Biden's Senate win gives him "stronger" hands with Xi
Nov 13, 2022
Phnom Penh [Cambodia], November 13 : US President Joe Biden on Sunday said that he is "coming in stronger" to his first in-person meeting with Chinese leader Xi Jinping on Monday after US voters returned control of the Senate to his party with the re-election of Nevada's Catherine Cortez Masto.
Biden says he goes into Xi meeting politically "stronger" after the midterm election. "I know I'm coming in stronger," US President Joe Biden said in Phnom Penh, where he is meeting with other Asian leaders in Cambodia.
"I feel good and I'm looking forward to the next couple of years," he said after the Democrats retained control of the Senate.
China's Xi and Biden have known each for more than a decade, but Monday will see them meet face-to-face for the first time in their current roles.
"We have very little misunderstanding. We just gotta figure out what the red lines are," said Biden.
The relationship between the world's biggest economies has deteriorated since Biden took office over economic competition, human rights issues and rising tensions between China and Taiwan.
Washington and Beijing are at loggerheads over issues ranging from trade to human rights in China's Xinjiang region and the status of the self-ruled island of Taiwan.
Biden is set to confront a series of stark challenges in his sit-down with Japan's Prime Minister Fumio Kishida and South Korean President Yoon Suk Yeol, critical allies in an Indo-Pacific region rattled by an increasingly belligerent North Korea. An assertive and confrontational China, long a central animating issue for the Biden administration, also looms large, reported CNN.
Biden will also meet with Kishida and Yoon individually before their trilateral meeting.
Biden's stop at the Asian nation's summit comes as advisers see a clear boost from bucking the historical and political trends in the midterm elections.
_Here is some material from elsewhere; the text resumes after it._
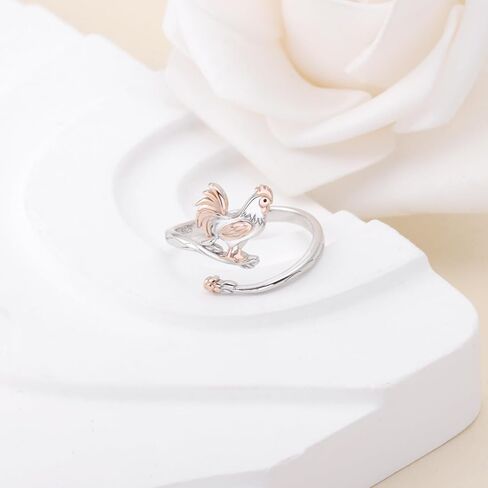 925 Sterling Silver Chicken Ring: Cute Animal Adjustable Open Rings Rooster Gifts Animal Ring for Women in Kuwait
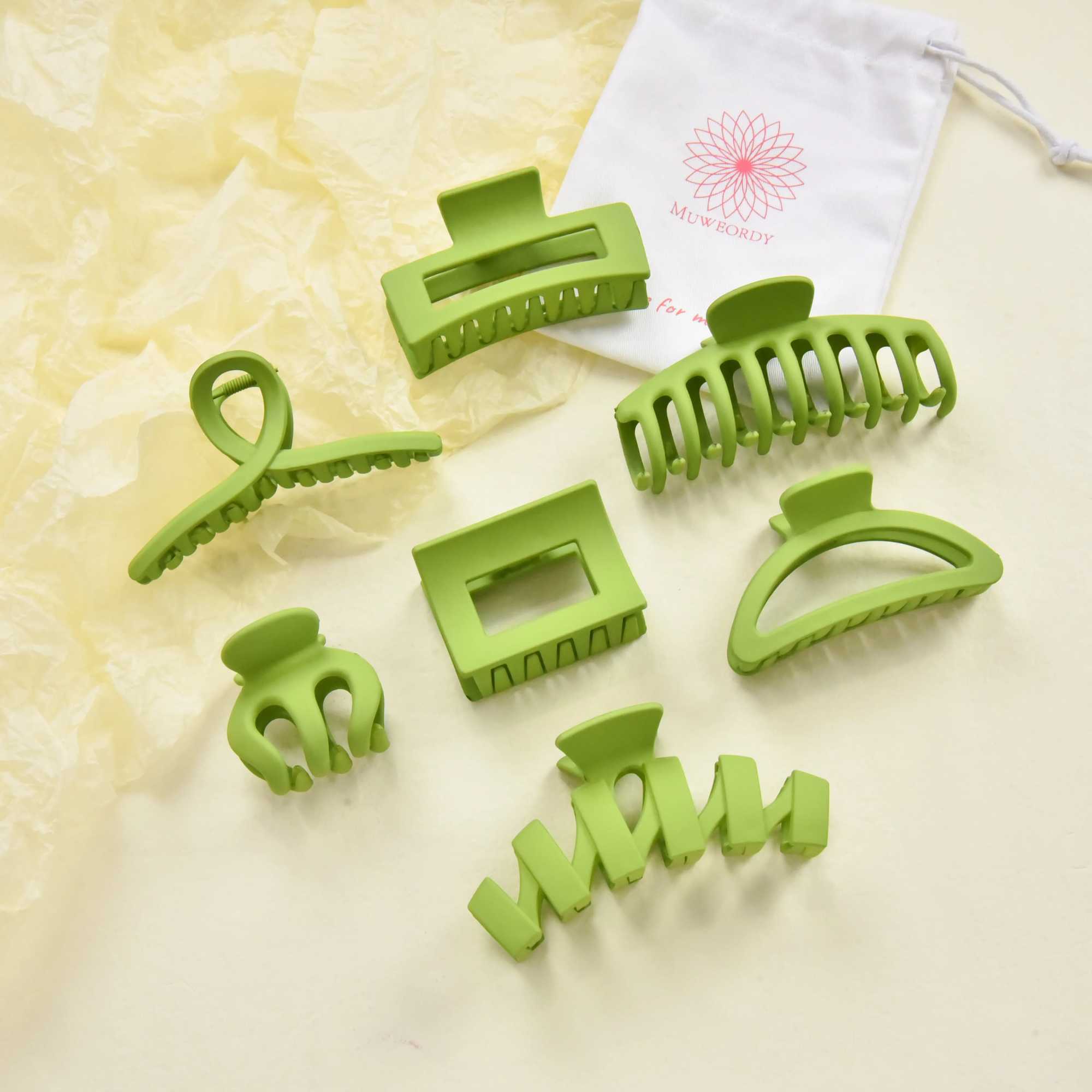 Morsetti YHJ Green Hair Accessorio set 7 pezzi 7 pezzi di regalo di grandi dimensioni Clip Accessori capelli squallidi donne Y240425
The party defied the historical trend of midterm elections breaking against parties in power and overcame anxiety over high inflation, cementing its majority as voters rejected Republican candidates who had aligned themselves with former President Donald Trump and in many cases parroted his lies about widespread election fraud.
Retaining Senate control is a huge boost to President Joe Biden over the remaining two years of his first term in the White House, with one more Senate race outstanding that will determine the final balance of power in the chamber - and how much leverage the president's party will ultimately have.
"I think it's a reflection of the quality of our candidates," Biden told reporters in Cambodia shortly after news outlets projected Democrats would keep their Senate majority.
"They're all running on the same program. Wasn't anybody who wasn't running on what we did," Biden went on.
Democrats will be able to confirm Biden's judicial nominees - avoiding scenarios such as the one former President Barack Obama faced in 2016, when then-Senate Majority Leader Mitch McConnell refused to hold a vote on his Supreme Court nominee, Merrick Garland. It also means that Senate Democrats can reject bills passed by the House and can set their own agenda, reported CNN.
The Senate win comes with control of the House - where Republicans were widely expected to win a majority - still up for grabs. Ballots are still being counted in key districts in some states, including California, Arizona and Oregon, with large shares of mail-in ballots. Even if Democrats don't retain control of the House, they could leave the GOP with a small and unruly majority.